*DESCRIPTION OF THE TASK*:
Every entry below must be transcribed word for word, and the images must be left out.

(Data entries)
<<<<
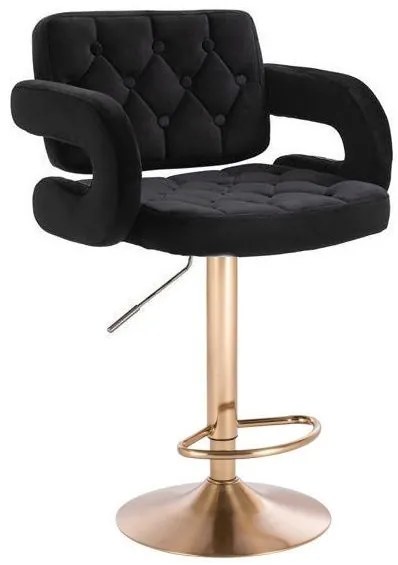 LuxuryForm DESIGN Barová stolička ADRIA VELUR na zlatom tanieri - čierna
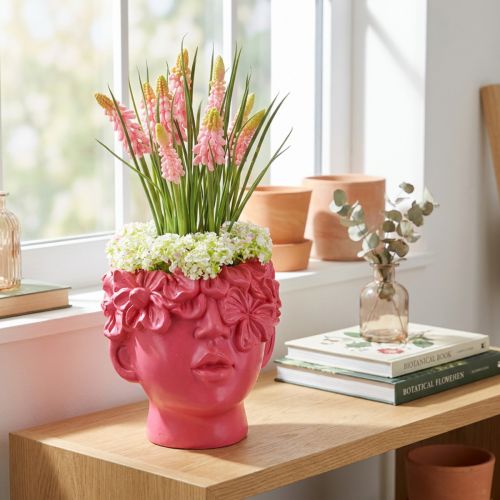 Plantenkop Polyresin Bust Plantenbak Roze 13,5×13×14cm | Floristik24.nl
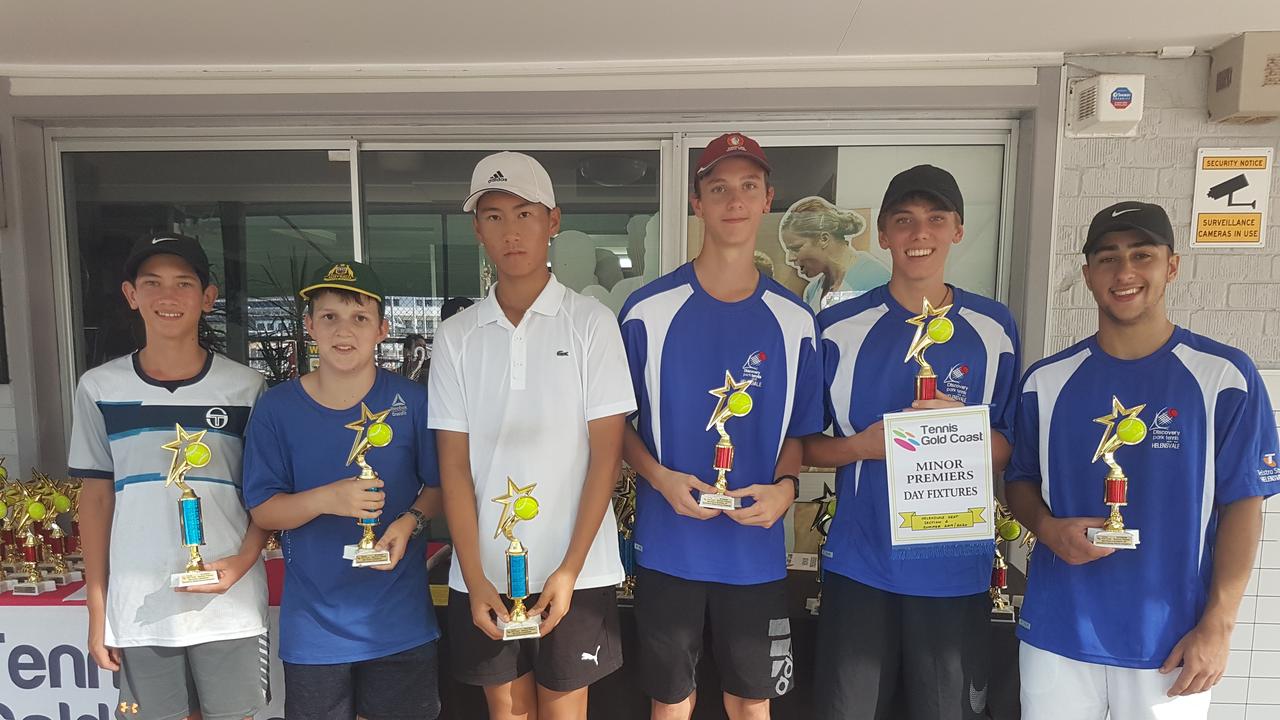 Gold Coast tennis finals. S2 - Shane Heginbothan, Sam McConaghy, Roy Hwang (Tennis Plus Attackers) &amp; Lachlan Cassidy, Dominic Wilks, Tomas Abreu (Helensvale Heat)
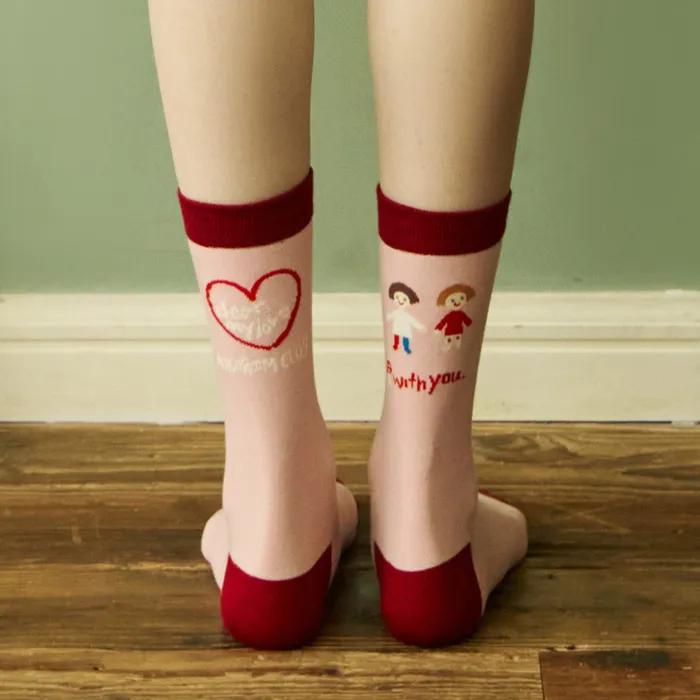 [Banana Sisters X OKTINA] With You Back Point Color Block Odd Socks 3 Colors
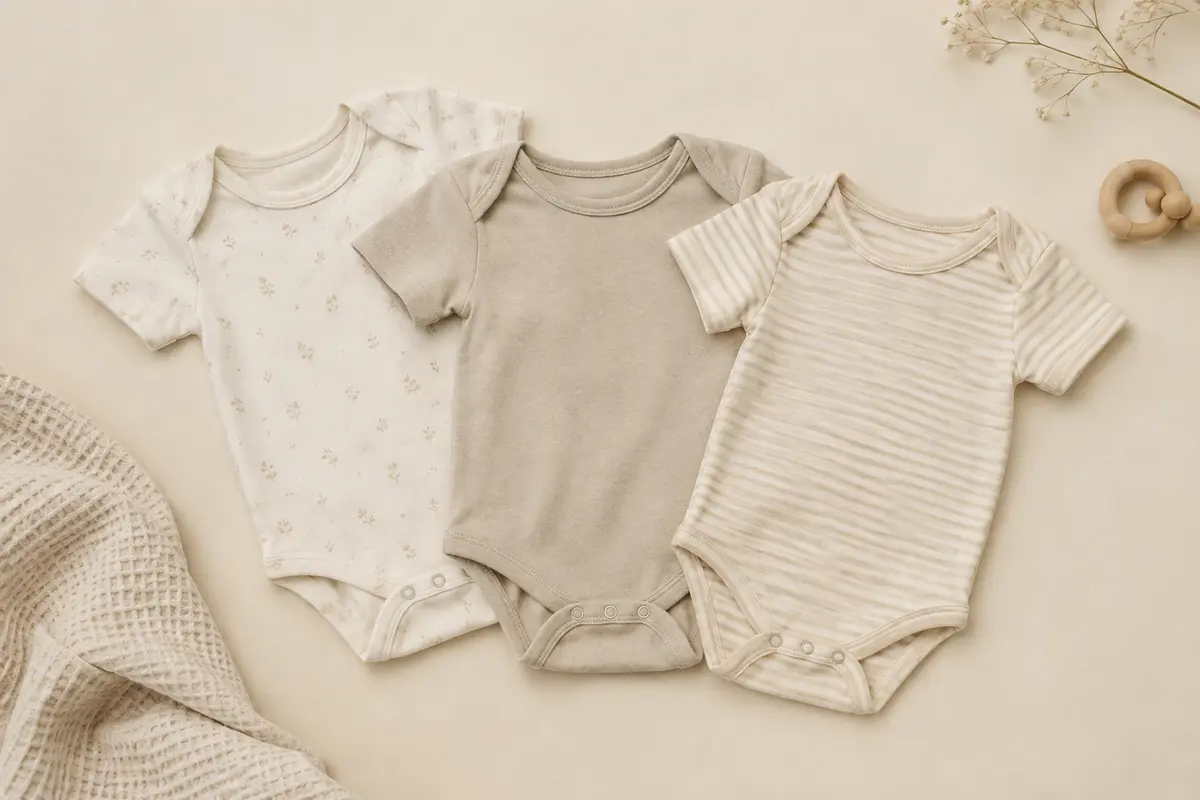 Trois bodies bébé à manches courtes en coton naturel, posés à plat sur un fond crème doux.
>>>>
*TASK RESULT*:
 LuxuryForm DESIGN Barová stolička ADRIA VELUR na zlatom tanieri - čierna
 Plantenkop Polyresin Bust Plantenbak Roze 13,5×13×14cm | Floristik24.nl
 Gold Coast tennis finals. S2 - Shane Heginbothan, Sam McConaghy, Roy Hwang (Tennis Plus Attackers) &amp; Lachlan Cassidy, Dominic Wilks, Tomas Abreu (Helensvale Heat)
 [Banana Sisters X OKTINA] With You Back Point Color Block Odd Socks 3 Colors
 Trois bodies bébé à manches courtes en coton naturel, posés à plat sur un fond crème doux.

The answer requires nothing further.